This task calls for the lines below starting at the one containing "Hello everyone, we" and ending at the one containing "Hello, welcome to", repeated exactly with both ends kept and pictures left out.
Data to process section start
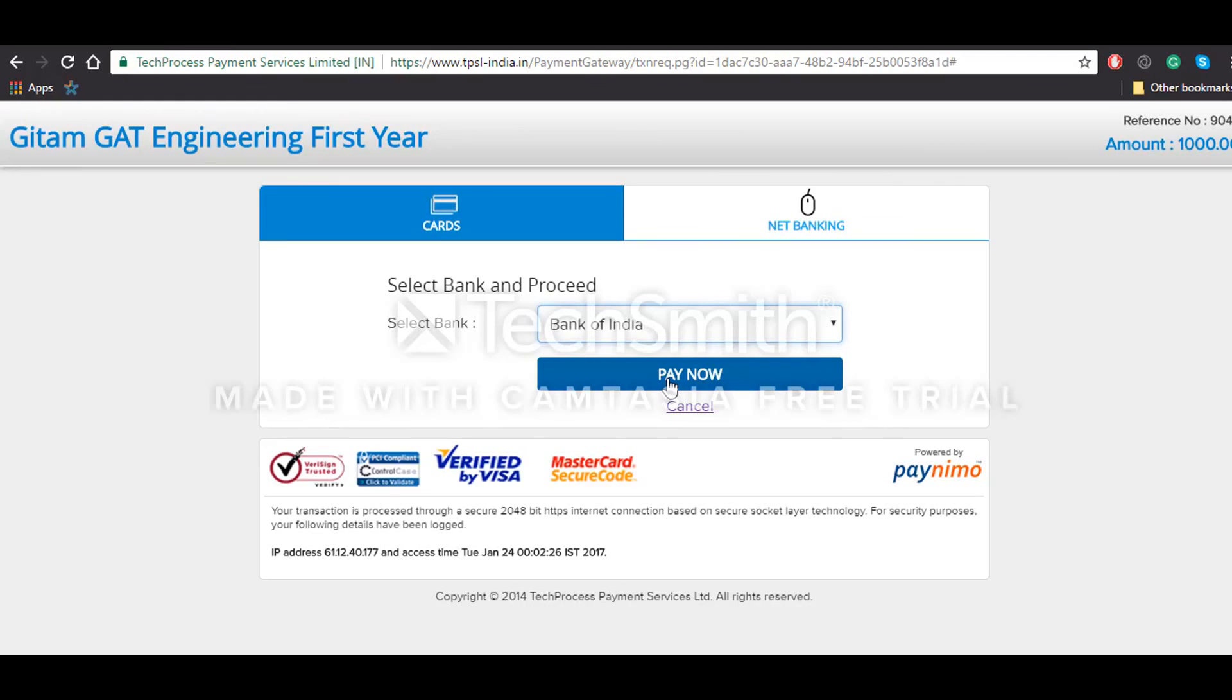So candidates are advised to keep checking this website regularly. That's it from Intern Zone. You can visit internzone.com for all the details regarding various entrance examinations in future. Thank you for watching.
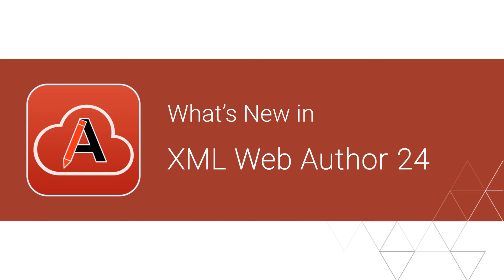Version 24 of the innovative Oxygen XML Web Author is here, and we want to show you a few of the interesting new features that were added for this release.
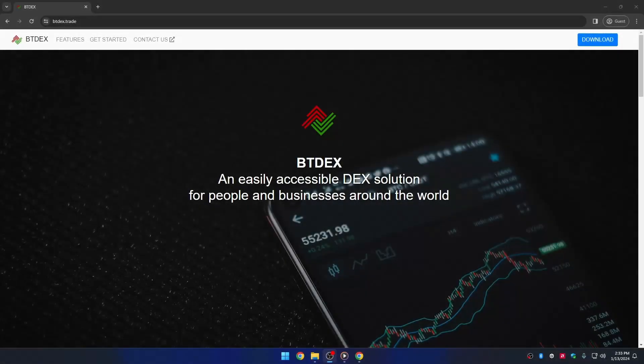Welcome, in this video I'm going to teach you about one of the official Signum wallets, BTdex. We are going to teach you about the basic features of this wallet, so let's begin.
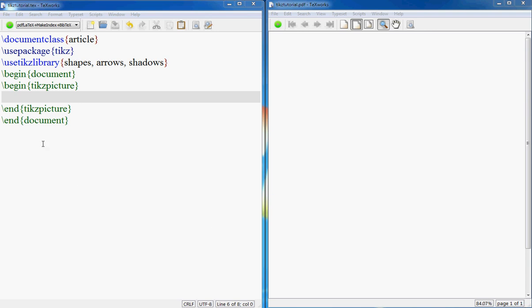Hello everyone, we are back with a new tutorial today. This tutorial is going to be about TikZ. TikZ is a package that is used in LaTeX for creating images, good quality images.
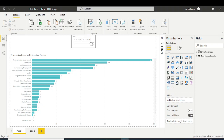For creating a single date picker, we need to study two concepts. The first concept is about what modification we need in the slicer, and the second is what changes we need in the DAX — specifically, we will have to use the TREATAS DAX function.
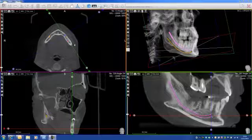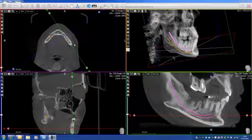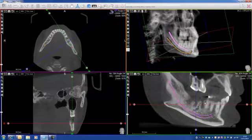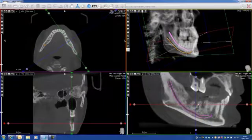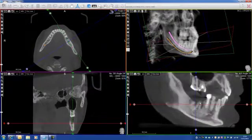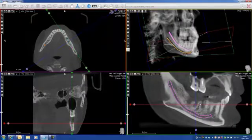Now, I know exactly where my nerve is. So let's place an implant. As you can see here on this view, I don't have much teeth. So what I can do is pretty much place one, two, or three implants here.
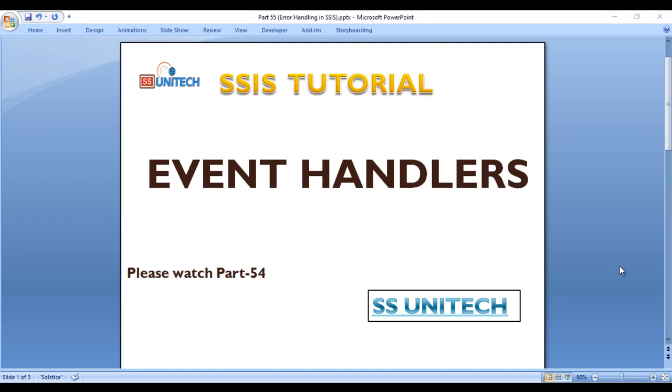Hello, welcome to SS Unitech social design, and this is continuation of SSIS tutorial. So today we're gonna discuss about event handlers.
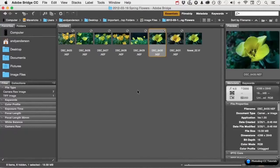You're working in Bridge and come to the conclusion that the way it looks isn't working for you. There are areas you're not using and you want to rearrange the furniture. Easy as pie.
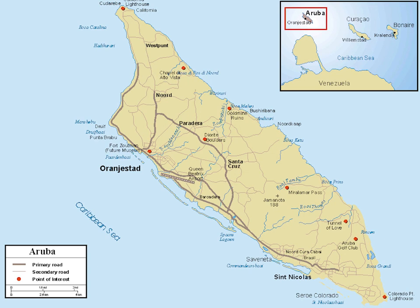Greetings my friends. This is a map of Aruba. Aruba is a generally flat, riverless island in the leeward Antilles island arc of the Lesser Antilles in the southern part of the Caribbean. It lies 77 kilometers west of Curaçao and 29 kilometers north of Venezuela's Paraguana Peninsula.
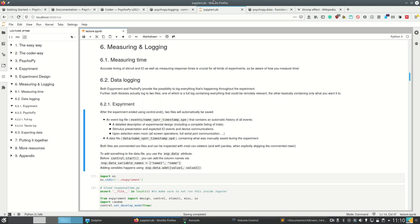Let's get to almost the last topic of today, and that is data logging. Both Expyriment and CyclePipe provide the possibility to log everything that's happening throughout the experiment, and both actually log standardly two files: one of which is a full log, which is comparable to an actual log file we know from v5, containing everything that could be remotely relevant, and the other one is a log where, which is a tabular log — basically a CSV file or a pandas DataFrame — which contains only what you want it to.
Data to process section end
### [Your solution]
Hello everyone, we are back with a new tutorial today. This tutorial is going to be about TikZ. TikZ is a package that is used in LaTeX for creating images, good quality images.
For creating a single date picker, we need to study two concepts. The first concept is about what modification we need in the slicer, and the second is what changes we need in the DAX — specifically, we will have to use the TREATAS DAX function.
Now, I know exactly where my nerve is. So let's place an implant. As you can see here on this view, I don't have much teeth. So what I can do is pretty much place one, two, or three implants here.
Hello, welcome to SS Unitech social design, and this is continuation of SSIS tutorial. So today we're gonna discuss about event handlers.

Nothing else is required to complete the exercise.